→ **Work to complete**: Copy each record exactly and skip its pictures.
BEGIN Data section
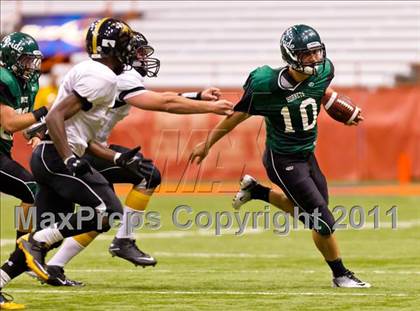 Thumbnail 3 in Fayetteville-Manlius vs. Corning (Syracuse Kickoff Classic) photogallery.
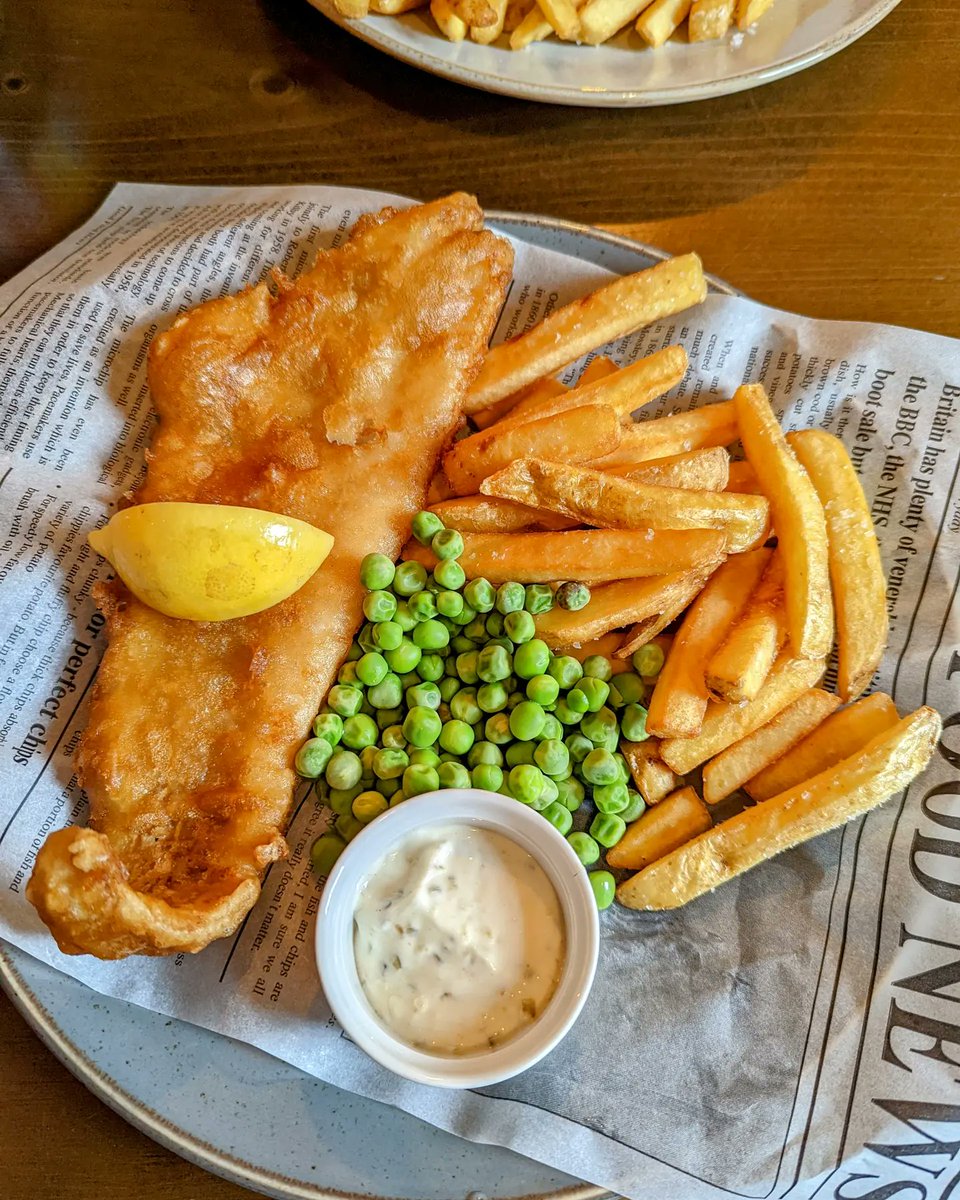 Sneaky pub lunch 
#pub #fish #pie #beer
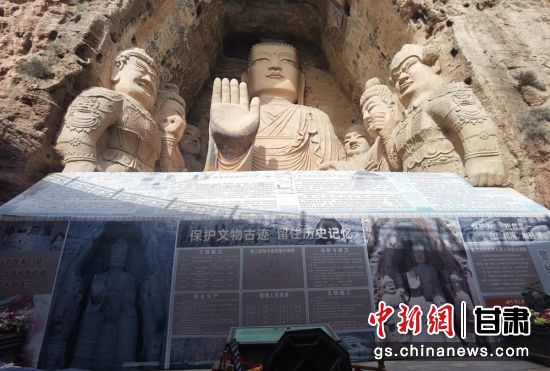 時(shí)下，中國(guó)“石窟鼻祖”天梯山石窟第13窟大佛足部與局部危巖體搶救性保護(hù)項(xiàng)目正在施工。圖為施工現(xiàn)場(chǎng)。陳曉斌 攝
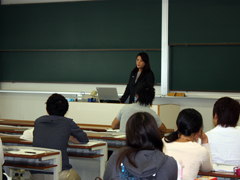 留学説明を行う合田氏 留学説明を行う合田氏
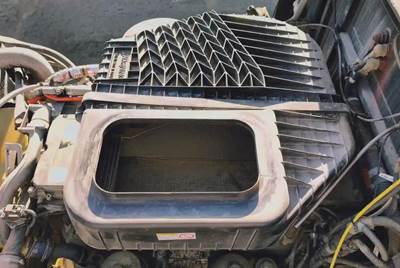 Western Star 5700 Air Cleaner / Air Filter Housing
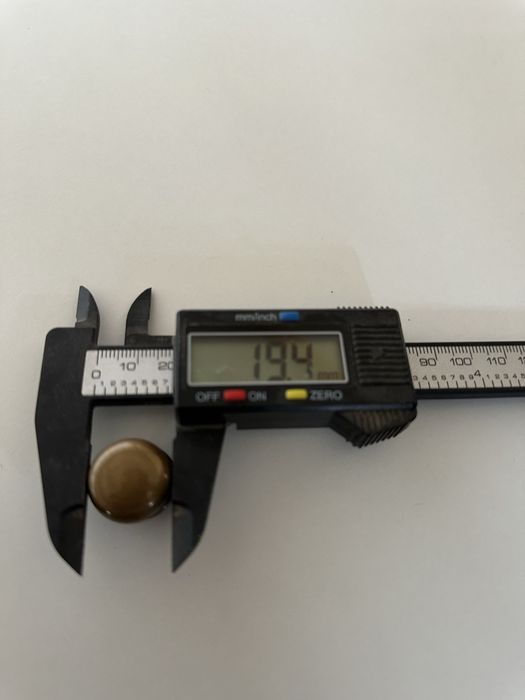 Buntoni din bronz pentru mobila, fabricat in Italia.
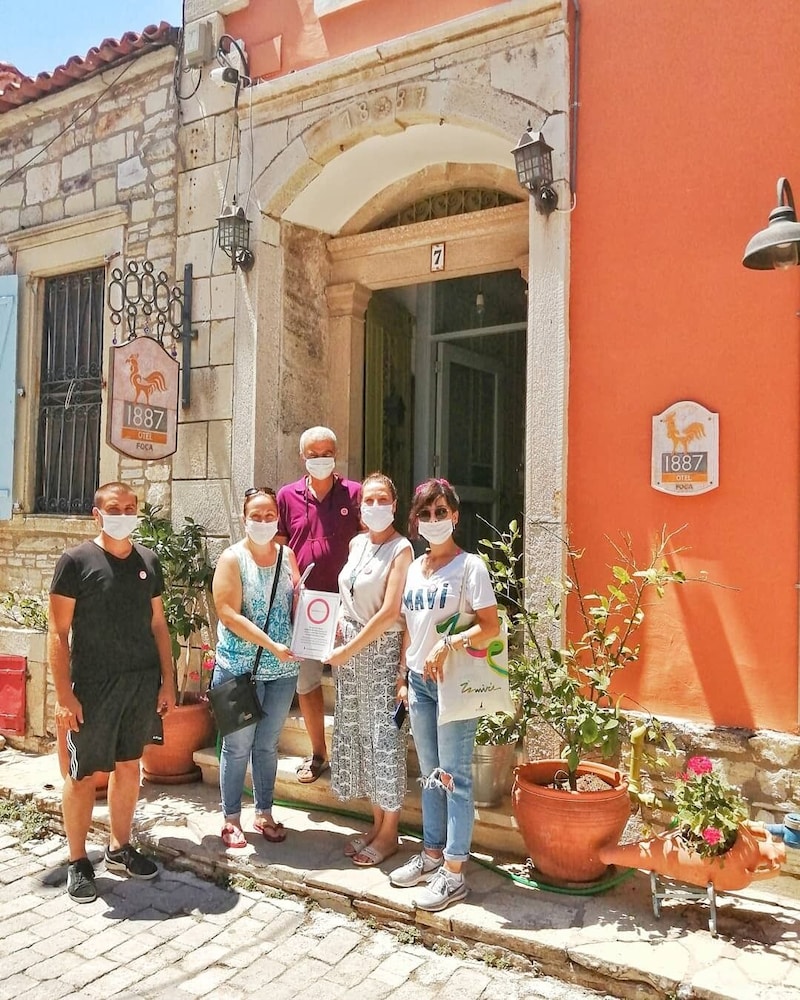 HOTEL GRAND AMPHORA 51/57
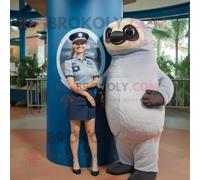 Mascotte Redbrokoly De Personnage De Paresseux Bleu Marine Habillé D'une Robe Fourreau Et De Châles Multicolore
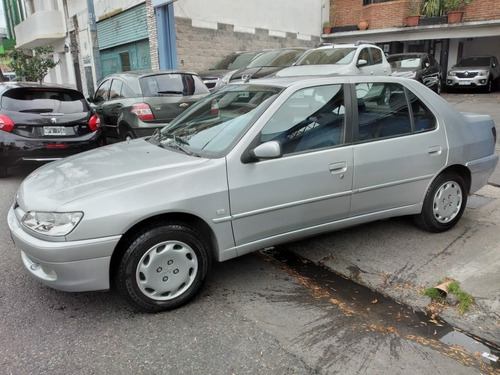 Imagen 2 de 14 de Peugeot 306 1.8 Boreal Aa 2000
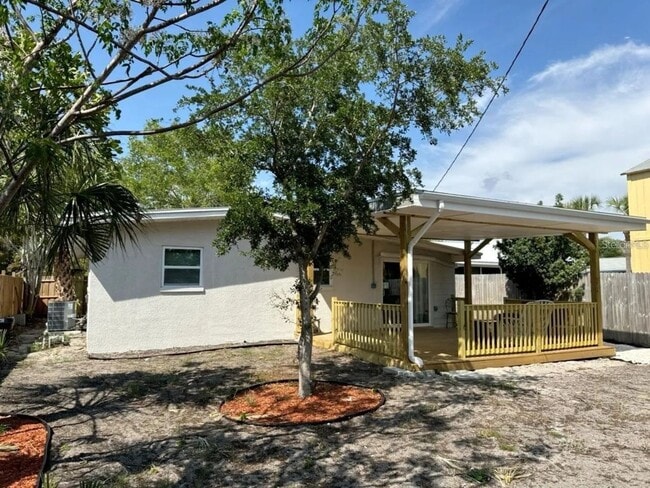 6558 2nd Ave S in St. Petersburg, FL - Building Photo - Building Photo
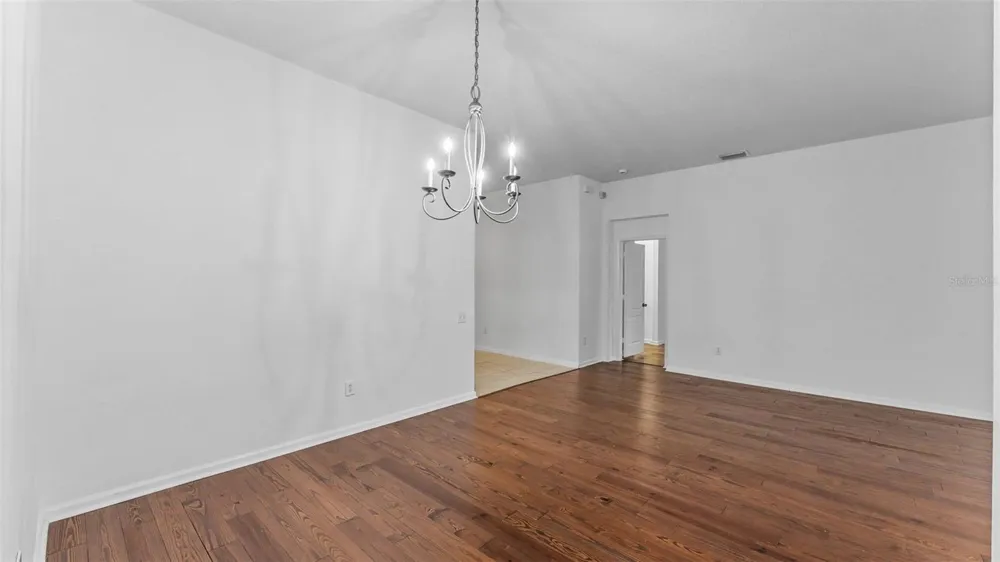 2041 HEARTLAND CIRCLE Valrico, FL 33594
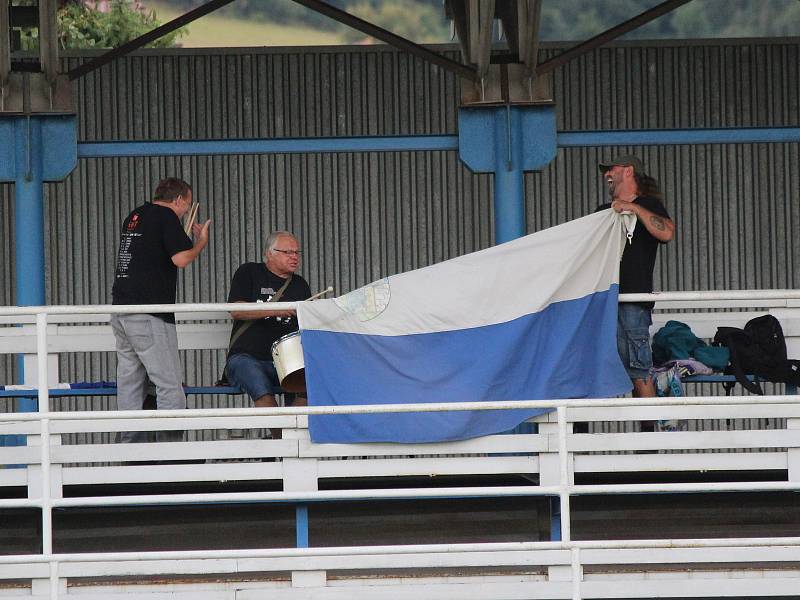 Fotbalisté FK Okula Nýrsko (na archivním snímku hráči v modrobílých dresech) doma porazili Bolevec, kouče ale zklamala předvedená hra.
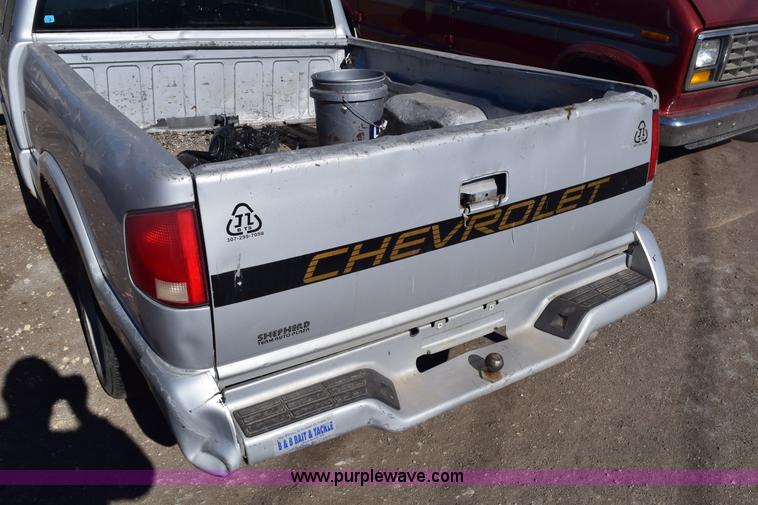 image for item E6168 1995 Chevrolet S10 pickup truck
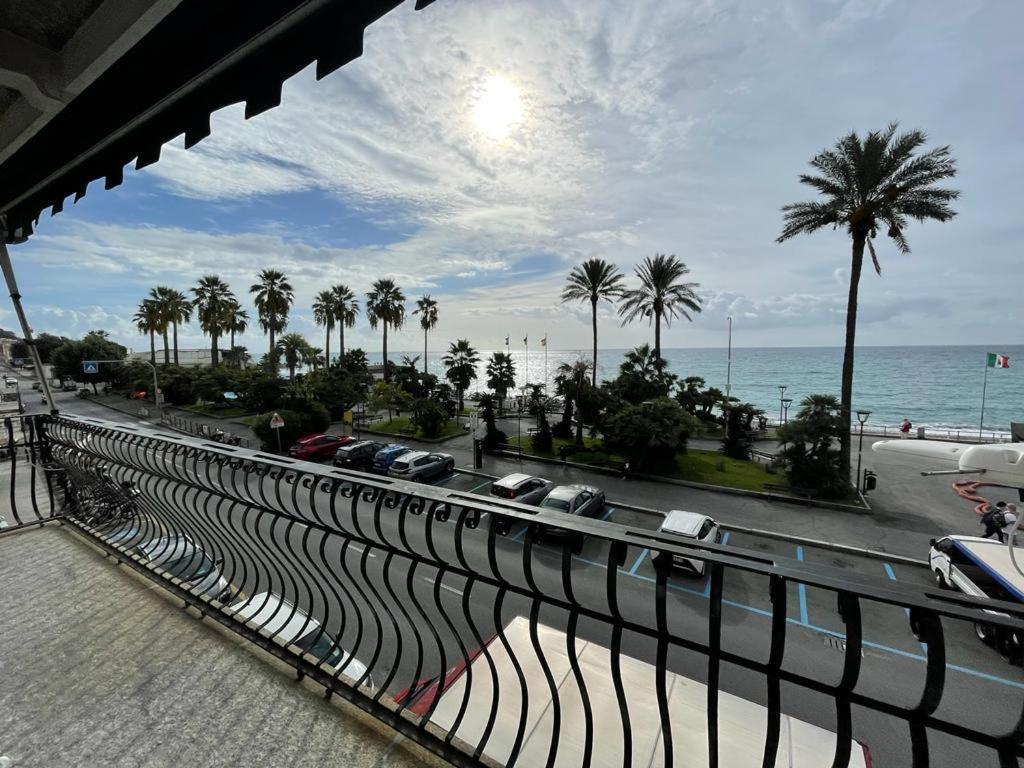 Nuovo Bilocale Frontemare Appartement Varazze Buitenkant foto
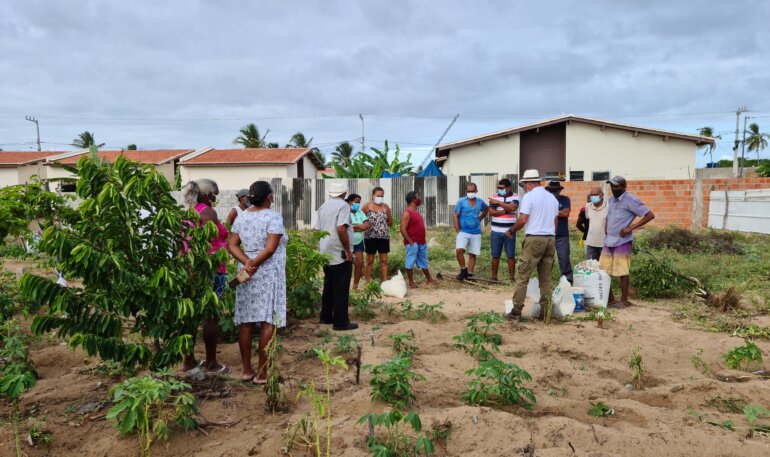 Equipe do Instituto Ideias desenvolve ações alinhadas aos Padrões de Desempenho da IFC em comunidades impactadas por empreendimentos.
END Data section
→ **Answer space**:
 Thumbnail 3 in Fayetteville-Manlius vs. Corning (Syracuse Kickoff Classic) photogallery.
 Sneaky pub lunch 
#pub #fish #pie #beer
 時(shí)下，中國(guó)“石窟鼻祖”天梯山石窟第13窟大佛足部與局部危巖體搶救性保護(hù)項(xiàng)目正在施工。圖為施工現(xiàn)場(chǎng)。陳曉斌 攝
 留学説明を行う合田氏 留学説明を行う合田氏
 Western Star 5700 Air Cleaner / Air Filter Housing
 Buntoni din bronz pentru mobila, fabricat in Italia.
 HOTEL GRAND AMPHORA 51/57
 Mascotte Redbrokoly De Personnage De Paresseux Bleu Marine Habillé D'une Robe Fourreau Et De Châles Multicolore
 Imagen 2 de 14 de Peugeot 306 1.8 Boreal Aa 2000
 6558 2nd Ave S in St. Petersburg, FL - Building Photo - Building Photo
 2041 HEARTLAND CIRCLE Valrico, FL 33594
 Fotbalisté FK Okula Nýrsko (na archivním snímku hráči v modrobílých dresech) doma porazili Bolevec, kouče ale zklamala předvedená hra.
 image for item E6168 1995 Chevrolet S10 pickup truck
 Nuovo Bilocale Frontemare Appartement Varazze Buitenkant foto
 Equipe do Instituto Ideias desenvolve ações alinhadas aos Padrões de Desempenho da IFC em comunidades impactadas por empreendimentos.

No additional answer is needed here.